Up to and including the line with "TIVOLI - Botte", output the records exactly as they appear.
##############################
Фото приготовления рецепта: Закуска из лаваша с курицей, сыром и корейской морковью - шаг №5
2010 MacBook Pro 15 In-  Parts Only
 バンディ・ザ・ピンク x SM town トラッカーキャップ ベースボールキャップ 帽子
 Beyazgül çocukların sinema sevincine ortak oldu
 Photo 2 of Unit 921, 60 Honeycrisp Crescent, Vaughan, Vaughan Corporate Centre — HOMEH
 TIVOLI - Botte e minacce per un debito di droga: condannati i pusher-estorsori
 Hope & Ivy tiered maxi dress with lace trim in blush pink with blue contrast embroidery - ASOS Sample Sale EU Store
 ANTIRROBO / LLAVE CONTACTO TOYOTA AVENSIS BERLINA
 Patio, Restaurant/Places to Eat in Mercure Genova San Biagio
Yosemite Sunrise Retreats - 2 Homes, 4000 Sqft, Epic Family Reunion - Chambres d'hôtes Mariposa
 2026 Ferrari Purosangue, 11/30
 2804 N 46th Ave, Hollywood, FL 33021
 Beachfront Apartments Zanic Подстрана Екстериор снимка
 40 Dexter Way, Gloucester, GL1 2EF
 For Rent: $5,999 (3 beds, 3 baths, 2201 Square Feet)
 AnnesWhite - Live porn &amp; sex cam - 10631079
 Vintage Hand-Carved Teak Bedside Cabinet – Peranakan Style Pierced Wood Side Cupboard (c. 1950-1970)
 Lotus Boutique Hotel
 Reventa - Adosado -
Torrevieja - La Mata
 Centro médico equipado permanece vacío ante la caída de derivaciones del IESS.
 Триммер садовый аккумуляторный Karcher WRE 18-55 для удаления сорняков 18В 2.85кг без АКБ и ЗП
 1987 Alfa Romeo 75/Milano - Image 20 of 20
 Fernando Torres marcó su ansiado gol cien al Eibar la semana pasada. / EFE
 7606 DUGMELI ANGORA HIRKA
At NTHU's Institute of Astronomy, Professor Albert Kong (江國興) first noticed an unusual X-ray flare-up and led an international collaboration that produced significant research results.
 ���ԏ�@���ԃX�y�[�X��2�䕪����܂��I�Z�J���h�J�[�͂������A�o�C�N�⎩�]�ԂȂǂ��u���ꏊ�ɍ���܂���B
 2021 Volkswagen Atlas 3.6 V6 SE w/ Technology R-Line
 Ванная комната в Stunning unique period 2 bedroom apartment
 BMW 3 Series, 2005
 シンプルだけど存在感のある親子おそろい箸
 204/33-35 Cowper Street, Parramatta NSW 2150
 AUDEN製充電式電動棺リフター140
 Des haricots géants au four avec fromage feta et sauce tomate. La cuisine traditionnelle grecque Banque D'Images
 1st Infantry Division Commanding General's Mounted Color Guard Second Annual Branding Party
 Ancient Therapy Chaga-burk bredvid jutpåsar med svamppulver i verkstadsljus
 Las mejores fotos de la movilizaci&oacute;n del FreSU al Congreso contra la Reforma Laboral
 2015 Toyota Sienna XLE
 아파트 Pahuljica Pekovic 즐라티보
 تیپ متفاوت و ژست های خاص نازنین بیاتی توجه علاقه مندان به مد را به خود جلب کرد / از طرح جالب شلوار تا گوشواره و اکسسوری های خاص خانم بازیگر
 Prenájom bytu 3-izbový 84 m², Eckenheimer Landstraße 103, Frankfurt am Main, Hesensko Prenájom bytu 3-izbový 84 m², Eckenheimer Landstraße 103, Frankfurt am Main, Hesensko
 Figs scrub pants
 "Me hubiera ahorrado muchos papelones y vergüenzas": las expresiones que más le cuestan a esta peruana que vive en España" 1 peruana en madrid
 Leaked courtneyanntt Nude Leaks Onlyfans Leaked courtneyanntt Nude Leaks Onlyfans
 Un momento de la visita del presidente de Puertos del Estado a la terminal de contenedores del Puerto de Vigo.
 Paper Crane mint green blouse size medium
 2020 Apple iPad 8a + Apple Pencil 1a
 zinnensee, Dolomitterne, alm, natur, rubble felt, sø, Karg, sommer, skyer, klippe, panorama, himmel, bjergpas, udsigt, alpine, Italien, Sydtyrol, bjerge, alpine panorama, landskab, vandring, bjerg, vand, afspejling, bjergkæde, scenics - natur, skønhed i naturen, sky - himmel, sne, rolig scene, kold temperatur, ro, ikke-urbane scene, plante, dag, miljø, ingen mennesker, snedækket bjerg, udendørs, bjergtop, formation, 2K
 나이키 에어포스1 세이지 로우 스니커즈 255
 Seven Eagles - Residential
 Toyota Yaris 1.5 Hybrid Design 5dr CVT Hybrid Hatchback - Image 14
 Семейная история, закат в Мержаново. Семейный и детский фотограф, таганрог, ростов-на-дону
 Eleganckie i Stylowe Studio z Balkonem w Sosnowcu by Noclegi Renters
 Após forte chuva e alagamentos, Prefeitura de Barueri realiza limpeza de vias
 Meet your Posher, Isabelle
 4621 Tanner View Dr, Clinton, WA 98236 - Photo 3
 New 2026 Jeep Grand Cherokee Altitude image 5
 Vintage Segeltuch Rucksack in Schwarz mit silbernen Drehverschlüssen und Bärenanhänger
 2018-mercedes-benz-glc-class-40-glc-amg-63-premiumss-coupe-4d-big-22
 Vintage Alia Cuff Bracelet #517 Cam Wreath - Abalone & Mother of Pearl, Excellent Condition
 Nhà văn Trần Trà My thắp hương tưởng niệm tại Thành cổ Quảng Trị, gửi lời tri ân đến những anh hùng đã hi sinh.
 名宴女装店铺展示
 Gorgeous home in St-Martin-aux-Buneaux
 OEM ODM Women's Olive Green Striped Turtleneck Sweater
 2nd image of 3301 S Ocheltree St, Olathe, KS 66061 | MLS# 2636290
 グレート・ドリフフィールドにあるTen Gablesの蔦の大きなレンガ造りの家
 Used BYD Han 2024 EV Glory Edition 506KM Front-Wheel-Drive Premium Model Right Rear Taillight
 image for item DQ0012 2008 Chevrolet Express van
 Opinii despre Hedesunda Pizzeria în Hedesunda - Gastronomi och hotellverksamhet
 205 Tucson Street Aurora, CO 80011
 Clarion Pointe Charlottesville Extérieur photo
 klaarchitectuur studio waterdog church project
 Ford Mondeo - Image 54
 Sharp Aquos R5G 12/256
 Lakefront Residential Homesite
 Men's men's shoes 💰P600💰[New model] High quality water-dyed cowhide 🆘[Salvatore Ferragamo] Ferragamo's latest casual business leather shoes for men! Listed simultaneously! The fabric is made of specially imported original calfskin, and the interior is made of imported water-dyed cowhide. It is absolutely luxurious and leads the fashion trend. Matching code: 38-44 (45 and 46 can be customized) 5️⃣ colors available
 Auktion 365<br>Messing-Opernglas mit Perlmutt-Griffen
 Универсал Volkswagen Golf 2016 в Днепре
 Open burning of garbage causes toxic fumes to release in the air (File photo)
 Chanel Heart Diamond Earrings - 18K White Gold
##############################
**Result of the task**
Фото приготовления рецепта: Закуска из лаваша с курицей, сыром и корейской морковью - шаг №5
2010 MacBook Pro 15 In-  Parts Only
 バンディ・ザ・ピンク x SM town トラッカーキャップ ベースボールキャップ 帽子
 Beyazgül çocukların sinema sevincine ortak oldu
 Photo 2 of Unit 921, 60 Honeycrisp Crescent, Vaughan, Vaughan Corporate Centre — HOMEH
 TIVOLI - Botte e minacce per un debito di droga: condannati i pusher-estorsori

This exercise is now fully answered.